It was on July 24, 1969, as hundreds of millions of people around America and the world watched and listened and prayed, that the smaller metal can broke off from the bigger can and landed on the moon without crashing. The astronauts had traveled over 238,000 miles from Earth, and they landed safely on the moon.

But that wasn’t all – they got out of that metal can wearing heat and cold resistant suits. They walked around, gathered up rocks and samples – they even played golf. And then they got back into that metal can, blew themselves back off the moon, hooked back up with the other metal can, traveled all the way back to the earth, and actually hit their return mark and safely parachuted that metal can back down to our Earth. Absolutely amazing! I can’t think of any invention at any time in history that is more amazing.

But there’s one other space story here I must share with you. In 1962, long before we sent our first men to the moon, John Glenn became the first American to orbit the Earth in space. Now one can only imagine all the tests and retest and issues that NASA had to settle before shooting Glenn into space. But as the men and women at NASA were working to ready for takeoff, John Glenn had another concern. Although NASA was reasonably confident that they could control where he landed after his flight, no one knew for absolutely sure. Even though planes and helicopters would immediately rush to his landing site, he was told it could take as long as 72 hours to actually find and rescue him.
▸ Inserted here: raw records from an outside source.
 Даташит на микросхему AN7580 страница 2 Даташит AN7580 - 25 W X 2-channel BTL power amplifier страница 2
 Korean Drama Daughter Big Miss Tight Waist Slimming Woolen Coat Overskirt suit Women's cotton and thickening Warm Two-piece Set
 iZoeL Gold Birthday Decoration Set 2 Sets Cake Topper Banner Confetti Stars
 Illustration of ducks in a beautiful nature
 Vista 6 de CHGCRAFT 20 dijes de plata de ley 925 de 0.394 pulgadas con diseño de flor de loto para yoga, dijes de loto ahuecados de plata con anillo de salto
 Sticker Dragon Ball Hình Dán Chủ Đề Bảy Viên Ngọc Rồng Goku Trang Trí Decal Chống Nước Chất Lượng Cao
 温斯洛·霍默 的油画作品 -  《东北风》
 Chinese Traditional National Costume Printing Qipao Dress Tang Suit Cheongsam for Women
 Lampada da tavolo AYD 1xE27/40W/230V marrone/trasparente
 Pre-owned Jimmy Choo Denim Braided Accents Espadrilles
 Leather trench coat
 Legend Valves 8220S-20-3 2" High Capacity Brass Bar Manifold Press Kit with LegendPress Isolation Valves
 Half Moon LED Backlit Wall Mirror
Now that’s three days, and astronaut John Glenn thought “what would happen if he landed in some undeveloped part of the world where people still lived primitively, they look out and see this big parachute with a little capsule on the end floating to the ground, and then a creature in a silver suit steps out of the craft?” The natives could be very afraid, and perhaps they could do him bodily harm.

So, what did John Glenn do? True story. He took with him a short speech translated into several languages so that hopefully no matter where he landed anywhere in the world, he could communicate with whomever he encountered. And what did the message say? Here are the actual words in that message. He said, “I am a stranger, I come in peace. Take me to your leader and there will be a massive reward for you in eternity”. We have no way of knowing what would have happened if that note had to be used by John Glenn because he landed right on his mark, and he was safely rescued.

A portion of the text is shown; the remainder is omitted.